Celulares de Bolsonaro teriam sido invadidos por hackers, informa ministério, mas é preciso cautela

O Ministério da Justiça afirmou nesta quinta-feira (25) que aparelhos celulares utilizados pelo presidente Jair Bolsonaro também foram alvo de um grupo de supostos hackers presos pela Polícia Federal. A pasta não informou quando teria ocorrido a invasão e se dados dos aparelhos foram efetivamente capturados.

“O Ministério da Justiça e Segurança Pública foi, por questão de segurança nacional, informado pela Polícia Federal de que aparelhos celulares utilizados pelo Presidente da República, Jair Bolsonaro, foram alvos de ataques pelo grupo de hackers preso na última terça feira (23)”, diz nota do ministério.

Nesta quinta-feira (25), o caso teve novos desdobramentos. De acordo com o jornal “O Estado de S.Paulo”, um dos supostos hackers presos na operação da PF, Walter Delgatti Neto, o “Vermelho”, afirmou que deu ao jornalista Glenn Greenwald, do The Intercept Brasil, acesso a informações capturadas do aplicativo Telegram. “Os investigadores tratam o relato com cautela, uma vez que o hacker é apontado como estelionatário”, informa o Estadão.

Contudo, o ministro da Justiça, Sérgio Moro, preferiu não aguardar a conclusão do inquérito e declarou no Twitter, na quarta-feira, que os detidos são “a fonte de confiança daqueles que divulgaram as supostas mensagens obtidas por crime”. Essa conexão, no entanto, inicialmente não constava na decisão do juiz federal Vallisney Oliveira, que autorizou as prisões.

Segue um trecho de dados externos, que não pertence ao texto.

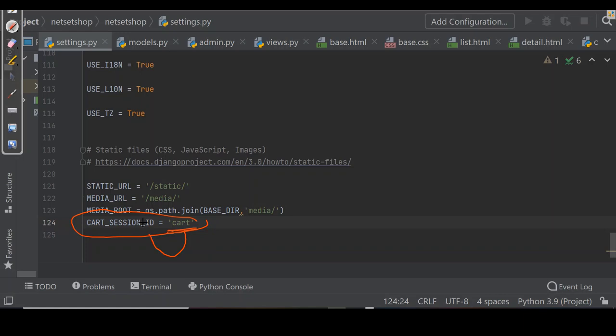Since Django sessions are managed per visitor, we can use the same cart session key for all sessions. Now we'll be creating a new application for managing shopping carts.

Querer ligar os hackers ao The Intercept Brasil é no mínimo demonstração de desespero emoldurada por leviandade. Segundo relato de Moro, seu celular foi invadido no dia 4 de junho, ao passo que o The Intercept passou a divulgar os diálogos em 9 de junho. Considerando a quantidade de mensagens, é impossível que um veículo de comunicação consiga em tão pouco tempo analisar todo o material e produzir matéria jornalística. Somente quem conhece a fundo o jornalismo investigativo é capaz de compreender o quão complexo é um trabalho como esse.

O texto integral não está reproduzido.